L’inaspettato rifiuto sdegnoso fu immediato ed offensivo. Due corposi libri furono stampati di fretta in circa sei mesi. Gli furono letteralmente strappate di dosso le credenziali accademiche: non c’era prova di quello che diceva, e per quanto concerneva i suoi critici, il fungo nemmeno cresceva nel Vicino Oriente. Allegro fu devastato a livello personale dal rifiuto offensivo operato nei confronti dei suoi studi. Allegro, che fino a quel momento non aveva mai provato una sostanza psicoattiva, stava rispondendo con avversione all’atteggiamento di quel periodo, contrassegnato dall’abuso diffuso ed a casaccio nonché irresponsabile di sostanze psichedeliche, misto al fermento di transizione politica e generazionale, che portò persino Mircea Eliade, l’autorità riconosciuta in fatto di religione, misticismo e sciamanesimo, a rifiutare le evidenze del ruolo delle piante nello sciamanesimo in Siberia ed in ogni altro luogo, ed a dichiarare che le droghe erano caratteristiche solo dell’ultimo decadente stadio di un culto, permettendo così solo una comunione allucinatoria non autentica con il Divino. Inevitabilmente, chiunque la pensava diversamente fu accusato di aver devastato la propria mente con le droghe.
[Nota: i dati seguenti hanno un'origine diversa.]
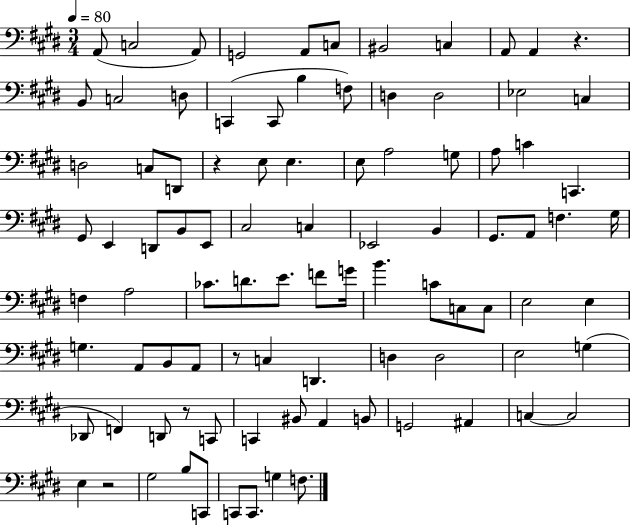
X:1
T:Untitled
M:3/4
L:1/4
K:E
A,,/2 C,2 A,,/2 G,,2 A,,/2 C,/2 ^B,,2 C, A,,/2 A,, z B,,/2 C,2 D,/2 C,, C,,/2 B, F,/2 D, D,2 _E,2 C, D,2 C,/2 D,,/2 z E,/2 E, E,/2 A,2 G,/2 A,/2 C C,, ^G,,/2 E,, D,,/2 B,,/2 E,,/2 ^C,2 C, _E,,2 B,, ^G,,/2 A,,/2 F, ^G,/4 F, A,2 _C/2 D/2 E/2 F/2 G/4 B C/2 C,/2 C,/2 E,2 E, G, A,,/2 B,,/2 A,,/2 z/2 C, D,, D, D,2 E,2 G, _D,,/2 F,, D,,/2 z/2 C,,/2 C,, ^B,,/2 A,, B,,/2 G,,2 ^A,, C, C,2 E, z2 ^G,2 B,/2 C,,/2 C,,/2 C,,/2 G, F,/2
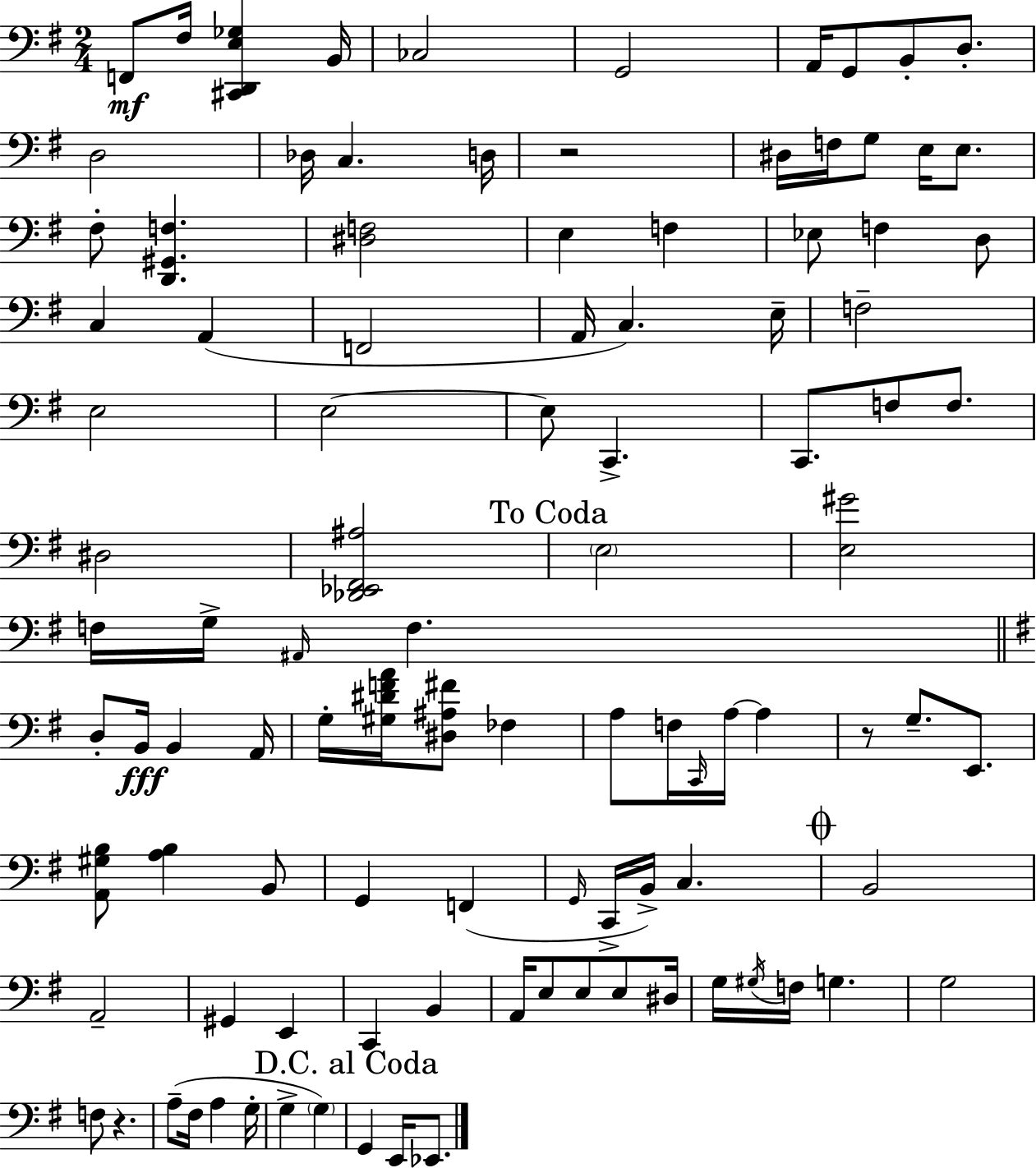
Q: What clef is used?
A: bass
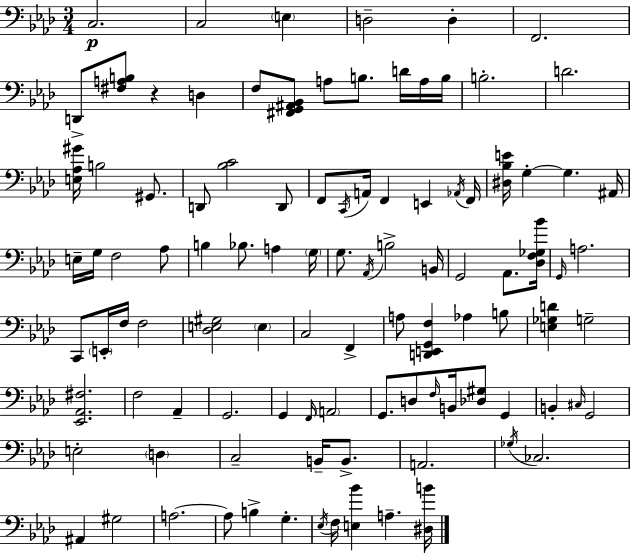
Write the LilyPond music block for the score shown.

{
  \clef bass
  \numericTimeSignature
  \time 3/4
  \key f \minor
  c2.\p | c2 \parenthesize e4 | d2-- d4-. | f,2. | \break d,8-> <fis a b>8 r4 d4 | f8 <fis, g, ais, bes,>8 a8 b8. d'16 a16 b16 | b2.-. | d'2. | \break <e aes gis'>16 b2 gis,8. | d,8 <bes c'>2 d,8 | f,8 \acciaccatura { c,16 } a,16 f,4 e,4 | \acciaccatura { aes,16 } f,16 <dis bes e'>16 g4-.~~ g4. | \break ais,16 e16-- g16 f2 | aes8 b4 bes8. a4 | \parenthesize g16 g8. \acciaccatura { aes,16 } b2-> | b,16 g,2 aes,8. | \break <des f ges bes'>16 \grace { g,16 } a2. | c,8 \parenthesize e,16-. f16 f2 | <des e gis>2 | \parenthesize e4 c2 | \break f,4-> a8 <d, e, g, f>4 aes4 | b8 <e ges d'>4 g2-- | <ees, aes, fis>2. | f2 | \break aes,4-- g,2. | g,4 \grace { f,16 } \parenthesize a,2 | g,8. d8 \grace { f16 } b,16 | <des gis>8 g,4 b,4-. \grace { cis16 } g,2 | \break e2-. | \parenthesize d4 c2-- | b,16-- b,8.-> a,2. | \acciaccatura { ges16 } ces2. | \break ais,4 | gis2 a2.~~ | a8 b4-> | g4.-. \acciaccatura { ees16 } f16 <e bes'>4 | \break a4.-- <dis b'>16 \bar "|."
}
          Wasson scrisse ad Allegro, ma non ricevette mai risposta, probabilmente perché questi si sentiva rifiutato in malo modo. Wasson aveva appena pubblicato una lettera che attaccava il libro nel The Times Literary Supplement, evidentemente senza averlo letto, e giudicando come tutti i suoi critici la documentazione linguistica aldilà della propria competenza. Allegro si sentiva anche rifiutato da Robert Graves, che aveva usato il famoso bassorilievo di Farsalo come copertina per la sua edizione revisionata del 1960 dei Miti Greci (Greek Myths), raffigurante le dee Persefone e Demetra ognuna con in mano un fungo, probabilmente Amanita, mentre invece Graves avrebbe dovuto avvallare di buon grado le descrizioni del culto orgiastico di Dioniso di Allegro. Nel suo Food for Centaurs, pubblicato nello stesso anno, Graves insinuava ciò che il bassorilievo rende esplicito, cioè che la mistura dei Misteri Eleusini conteneva un fungo psicoattivo. Fu un’idea proposta per la prima volta da Wasson in una conferenza del 1956, anche se si era astenuto dall’usare il bassorilievo di Farsalo come prova fin quando, come riporta Graves, non ricevette la prova di un esperto, che aveva evidentemente tratto profitto dalla sconfitta di Plaincourault.
           Nonostante il fatto che fossero tutti nella stessa barca, Graves scrisse a Wasson nel 1972 che Allegro, che non aveva potuto diffondere la propria argomentazione iconoclasta sulla morte della religione all’interno di The End of the Road, era un imbroglione.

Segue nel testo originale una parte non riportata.